I am a Burris fan but, I put a Leupold on one rifle and at 100 yards it is able to show the holes in a target much better than any of the others. I put down a bunch of coin for it and have not been disapointed with it. I will most likely go back to Burris or some other for most of my scopes. In low light the 30 mm tube is the best and biggest objective end that you can get, keep the power lower and that will help also.


----------



## yotesniper (Mar 4, 2010)

the only tasco I would own is a ss super sniper 10x42 other than that you get what you pay for


----------



## wilded (Feb 10, 2010)

You ever wonder why places like Natchez Shooting Supply or SWFA have refurbished Leupolds, Nikons, Burris, Simmons, Tasco and other scopes for sale. I just saw a Nikon and Leupold refurbish sale where they had lots of nearly every model. That is because all brands have scopes that fail. Yes you get what you pay for in most cases but many times a cheaper scope is all one wants to use because of where or how the scope will be abused. If I am on a once in a lifetime trip I want one of the top performers.

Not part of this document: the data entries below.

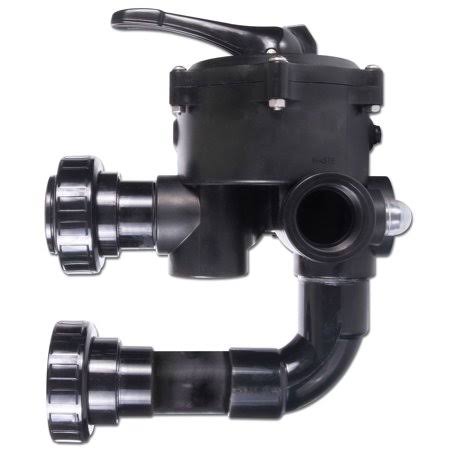 Generic Hayward SP0710XR50 Pro Series Vari-Flo Backwash Pool Filter Valve| Cmp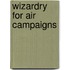 Wizardry for Air Campaigns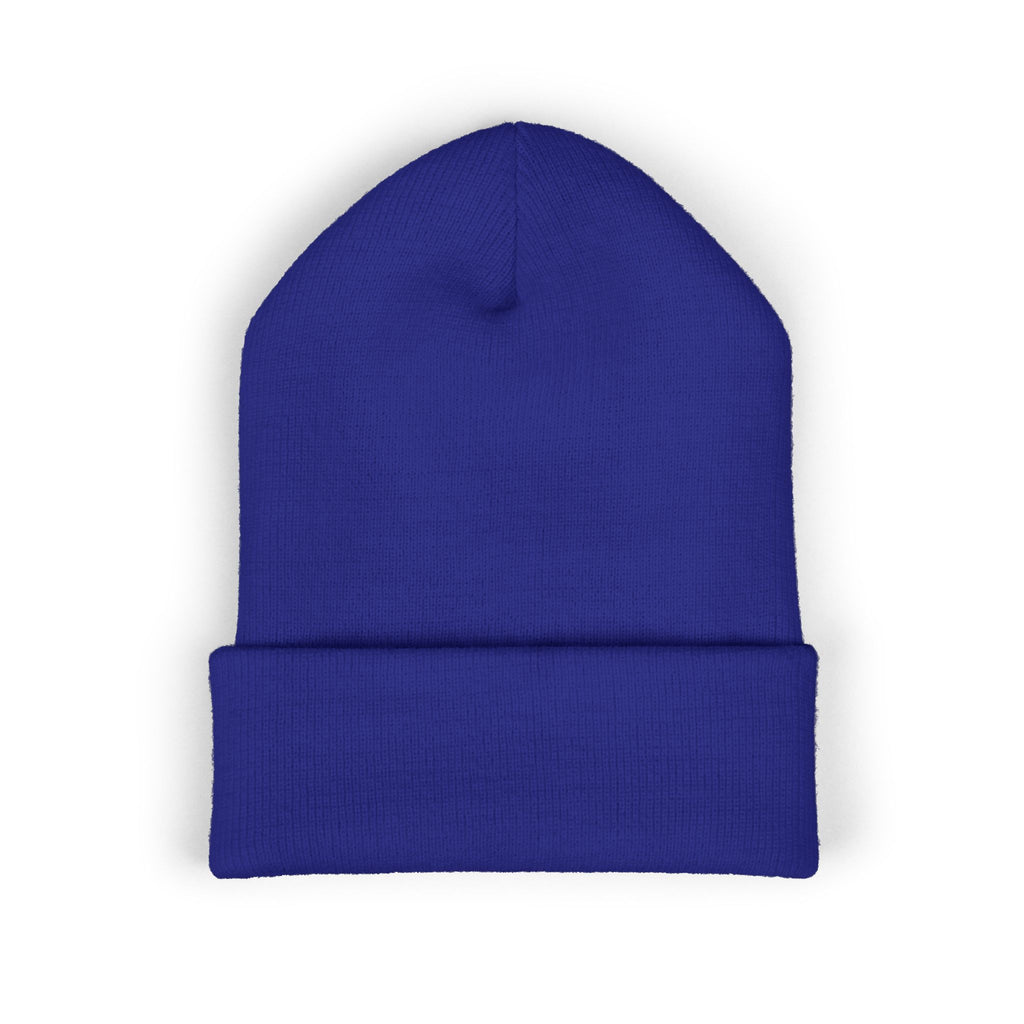 Certified Hole Digger Embroidered Beanie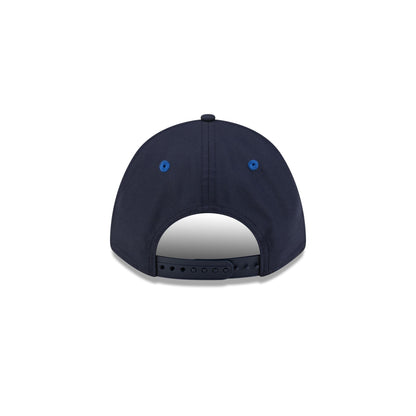 Atlassian Williams F1 Team Carlos Sainz Kids 9FORTY M-Crown Snapback Hat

On my bounce around truck gun you will see a Tasco or Simmons so that if I drop it or bang it up I can replace it and not take out of my familys living money. If I have to drop a Tasco Varmint scope in the trash I will not cry very long. That being said my Tactical .308 has a Nikon Monarch on it and I love it.


----------



## tjc1230 (Mar 3, 2010)

I don't mind a Tasco on my squirrel gun. But all my other guns have better scopes on them.


----------



## GoneHuntin (Mar 18, 2010)

A good gun and a good scope go hand in hand. If it is Quality you want then you must pay for it.


----------



## clw499 (Mar 18, 2010)

I have a 3X9 illuminated mil dot Tasco scope on my AR and have shot thousands of rounds thru it and have never had any problems. I have alway heard not to put a "cheap" scope on larger cal rifles, but don't know if that holds true.


----------



## mikeydon (Feb 17, 2010)

Bud i have had a tasco on a 30-06,7mag.I ain't never had a problem,NEVER,I would take a tasco over a bunch of them.


----------



## Cur Dog (Feb 15, 2010)

How about you joining The Texas Group we be glad to have you.


----------



## tlc1955 (Apr 21, 2010)

I have never had a problem with tasco, they get the job done for me and at a descent price, i hace two on my rifles now.


----------